As Marc promised, Poppy soon gets the hang of it, but by now my nipples are cracked and bleeding. If only I could ask my mother what to do; and if wishes were horses, beggars would ride.

On the advice of one of the nurses, Marc brings in cold cabbage leaves for me to score and place against my engorged breasts, but nothing helps. Every time Poppy latches on, I want to scream
with agony.

But at least I’m managing to feed my daughter, however painfully. I haven’t even seen my son, fighting for life in a hospital the other side of London, since he was born. Marc takes
dozens of photos on his mobile phone, but I ache to hold him. He looks so tiny, though he’s putting on weight faster than Poppy. A nurse with a bottle is nurturing my son better than I can
nourish my own daughter.

I can’t seem to get it together. I burst into tears all the time, and forget things I
know
I know. My hair falls out in clumps, my stomach is stretch-marked and pouchy, and
I’m bleeding so heavily I have to wear a huge pad like a mattress between my legs. I have eight stitches in my perineum and haemorrhoids the size of grapes. Even my toenail polish is chipped.
I’ve been a mother less than a fortnight, and already I’m letting myself go.

In the second week of January, Rowan is unexpectedly discharged from the NICU, a healthy six pounds, and Marc is finally told he can take me home too.

‘I’m not ready,’ I panic, ‘I can’t, not yet—’

‘You’ll be fine,’ Marc smiles, strapping the twins into the back of the Range Rover. ‘You’ll feel much better when you get home and everything goes back to
normal.’

Normal? I think.
Nothing will ever be normal again.

If I could just get a good night’s sleep. Gather my resources. But the first night home, the twins wake at midnight, at two, at three, three-thirty, four-thirty. Poppy feeds hungrily, but
Rowan struggles in my arms, red-faced and frantic, wanting the familiar rubber teat of a bottle in his mouth, not this strange, warm nipple. I’m used to Poppy in my arms; when I cradle Rowan,
I feel as if I’m holding someone else’s baby.

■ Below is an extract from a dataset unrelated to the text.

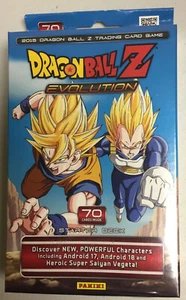 Dragon Ball Z Evolution Trading Card Game Starter Deck - New - OOP - 2015 - Picture 1 of 2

Marc sleeps through it all. At 6 a.m., he leans over the bed and kisses me on the cheek. His jaw is smooth and freshly shaven.

Blearily, I push myself up on one elbow. ‘You’re going to work?’

‘I have to, Clare. I’ve already taken too much time off looking after Poppy. There’s a major deal going through in the European—’

To my shame, I start to cry.

‘Oh, darling. You’re going to be fine.’ He sits on the edge of the bed and thumbs the tears from my cheek. He looks as handsome and carefree as ever. ‘You’ve just
got to get into the swing of things. It’s not that hard once you establish a routine. Fran said she’d pop over later this morning. She’s done this herself three times, remember.
She knows what it’s like.’

‘But nothing’s organized, we need more nappies, food—’

‘Sweetheart, you’ve been organized for months,’ Marc laughs. ‘By the way, can you get me some more razor blades? I forgot to buy some, and I’m out.’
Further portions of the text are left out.